I can only give my personal experience, everyone is different.
I got sober. The rest of the world didn’t. Nor should they. If someone can enjoy a few glasses of wine with dinner or a few cocktails at a party, who am I to judge?
For the first four months of sobriety I didn’t trust myself around partying. I finished outpatient, isolated for a few weeks, did AA, then outpatient (cognitive group) and learned a number of skills to deal with cravings. I spent 40 years learning and perfecting a drinking and drug habit. In those four months I did everything I could to make sobriety a habit.
The foundation was laid in rehab. Step One happened; the only logical behavior was to take drinking off the table. Completely and forever.
Evidence began piling up that sobriety was far better for me than using.
I can absolutely be around people who are drinking or doing a little coke or whatever. Do I miss feeling that way? Not at all. Intoxication is a creeping veil over reality, and reality is wonderful, and badass. I see people getting a buzz on and having a good time. I also see that fuzziness start to take over, the laughter gets forced, conversation becomes increasingly loud and inappropriate. Why would I want that when I’ve found the gift of being truly present in every moment? No, I can’t be around really drunk or high people, not because I miss it, but because their behavior disgusts me. I can’t believe I was like that.

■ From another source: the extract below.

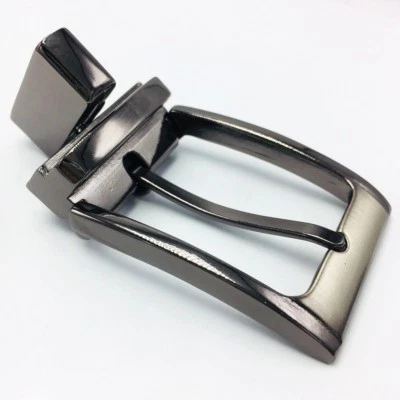 Fabricación de cinturones 3 hebillas reversibles herrajes níquel cepillado Gunmetal Leathercraft Foto 1 de 4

My drinking habit was not social. I’d party and have a few, then drink a half bottle of vodka, alone. So I can be out at a party or a bar and not be tempted.
I shared this today at a meeting, and another guy said that is him exactly. He has been sober for three years, and he’s a bartender. He said that before he became sober, he would have a few at work, but that he couldn’t wait to get home and REALLY drink.
So I have a great social life with the normies, and I also have good sober friends.
I ‘m rarely lonely. My cravings happen strongly, but very infrequently. If it gets bad, I always allow myself to leave a situation at any time. I can always go to a meeting.
All because I took drinking off the table, got into the sober habit and worked like hell in the early days to get there.
Everyone is different. I’m lucky that I can still function in a normie world. But if I had to go to daily meetings to stay sober and never be around drugs and alcohol I’d be ok with that. Why trade a lifetime of happiness and awareness and true joy for a few moments of drunken “pleasure,” which really ain’t even all that? What are you REALLY giving up?